Thursday, November 6, 2014

Bennie: From A to B

In A Visit From the Goon Squad, Jennifer Egan’s writing style causes the reader’s opinion of characters to change throughout the novel. The best example of this is Bennie Salazar. When the reader first meets Bennie he seems pitiful, and depressing, because throughout the chapter everything Bennie does or sees causes him to flashback to something shameful he’d done in the past. Also, Bennie has “spent eight thousand dollars on gold in the past two months,” which he calls his “medicine,” and puts flakes of the gold in his coffee (Egan, 25). This shows that nothing is going right for Bennie, who is also divorced, and that he is so depressed he resorts to drinking gold flakes in his coffee to get rid of his headaches.

However, a couple chapters later the reader is re-introduced to Bennie, who now no longer seems pitiful and depressing, but sleazy and content. The reader’s view of him shifts from pitiful to content because in this chapter, Bennie is happily married with a kid, and is an incredibly successful record producer. In addition, the reader shifts from viewing him as depressed to sleazy, because when his childhood friend Scotty comes to visit him Bennie tries to get rid of him with the “least amount of hassle possible” and assumes that Scotty only came to visit him to get music produced (Egan, 100).

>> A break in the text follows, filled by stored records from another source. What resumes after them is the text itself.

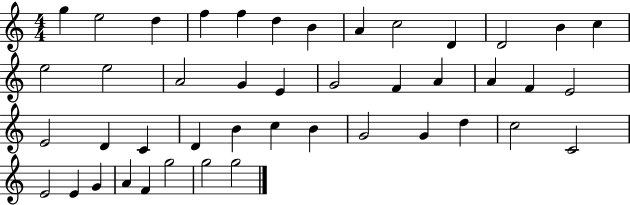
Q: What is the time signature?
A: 4/4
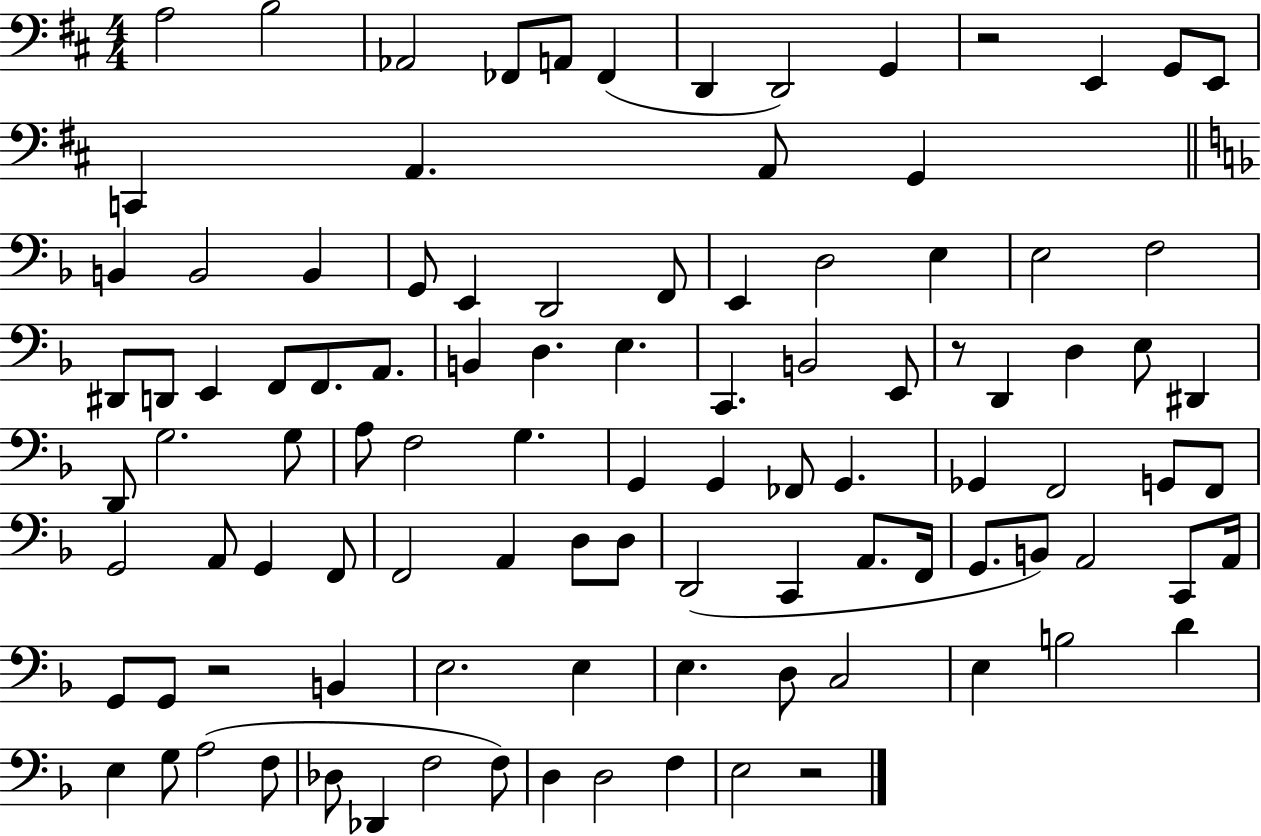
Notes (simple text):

A3/h B3/h Ab2/h FES2/e A2/e FES2/q D2/q D2/h G2/q R/h E2/q G2/e E2/e C2/q A2/q. A2/e G2/q B2/q B2/h B2/q G2/e E2/q D2/h F2/e E2/q D3/h E3/q E3/h F3/h D#2/e D2/e E2/q F2/e F2/e. A2/e. B2/q D3/q. E3/q. C2/q. B2/h E2/e R/e D2/q D3/q E3/e D#2/q D2/e G3/h. G3/e A3/e F3/h G3/q. G2/q G2/q FES2/e G2/q. Gb2/q F2/h G2/e F2/e G2/h A2/e G2/q F2/e F2/h A2/q D3/e D3/e D2/h C2/q A2/e. F2/s G2/e. B2/e A2/h C2/e A2/s G2/e G2/e R/h B2/q E3/h. E3/q E3/q. D3/e C3/h E3/q B3/h D4/q E3/q G3/e A3/h F3/e Db3/e Db2/q F3/h F3/e D3/q D3/h F3/q E3/h R/h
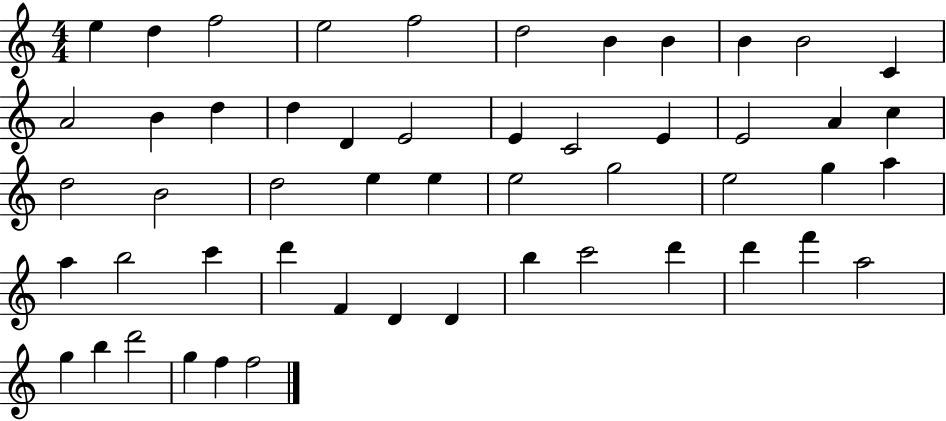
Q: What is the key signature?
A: C major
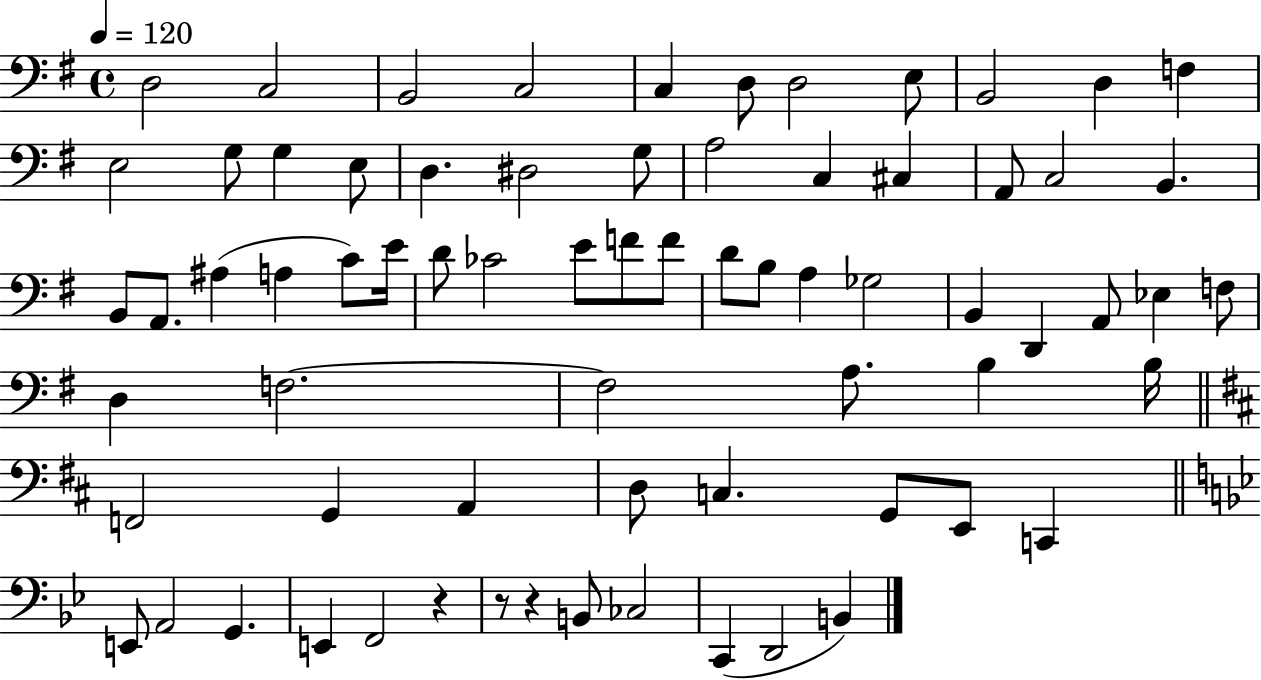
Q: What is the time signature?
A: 4/4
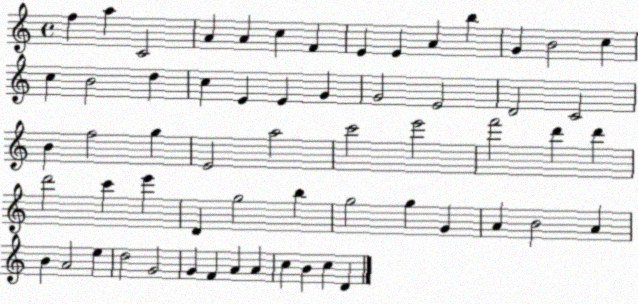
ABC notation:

X:1
T:Untitled
M:4/4
L:1/4
K:C
f a C2 A A c F E E A b G B2 c c B2 d c E E G G2 E2 D2 C2 B f2 g E2 a2 c'2 e'2 f'2 d' d' d'2 c' e' D g2 b g2 g G A B2 A B A2 e d2 G2 G F A A c B c D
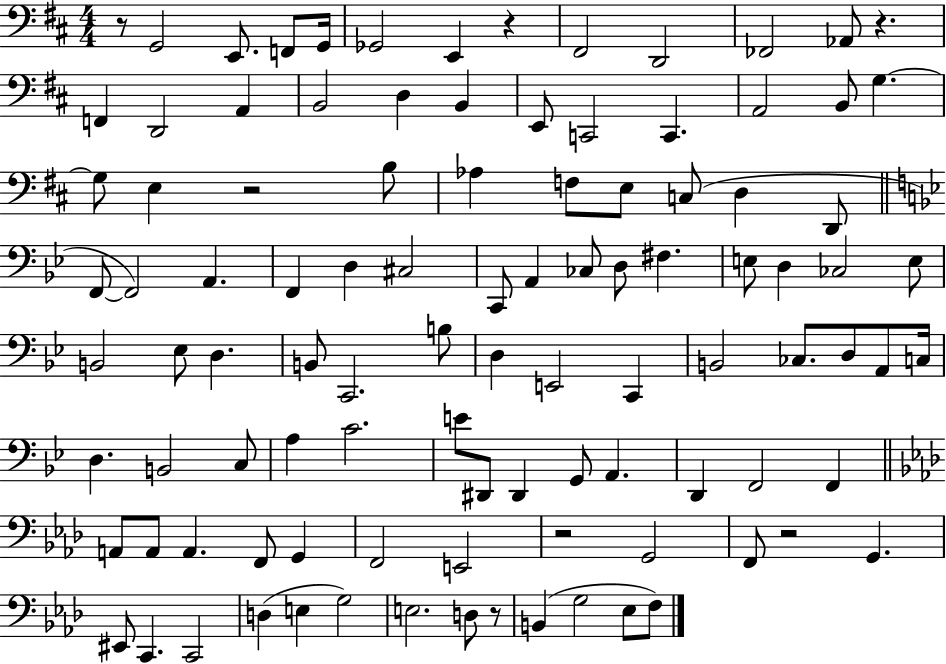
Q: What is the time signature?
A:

Still, Egan shifts the reader’s view of Bennie another time, in the chapter A to B. The reader first went from viewing Bennie as pitiful and depressing to viewing him as sleazy and content, and now Egan shifts the reader’s opinion back to viewing him as pitiful, but still sleazy. Bennie is pitiful because in this chapter he had it all; he was married with a kid, and living happily, but he throws it all away and cheats on his wife with Kathy, a woman whom he doesn’t even like. This also makes him look sleazy, because he cheats on his wife. Throughout the novel Egan’s writing style changes the reader’s perspective on the characters in her novel.


  1. I agree that the way that bennie is viewed throughout the novel shifts dramatically, for stories like the "The Gold Cure", and "A to B".

  2. There is a clear transition in the reader's perspective in this chapter, great job articulating that.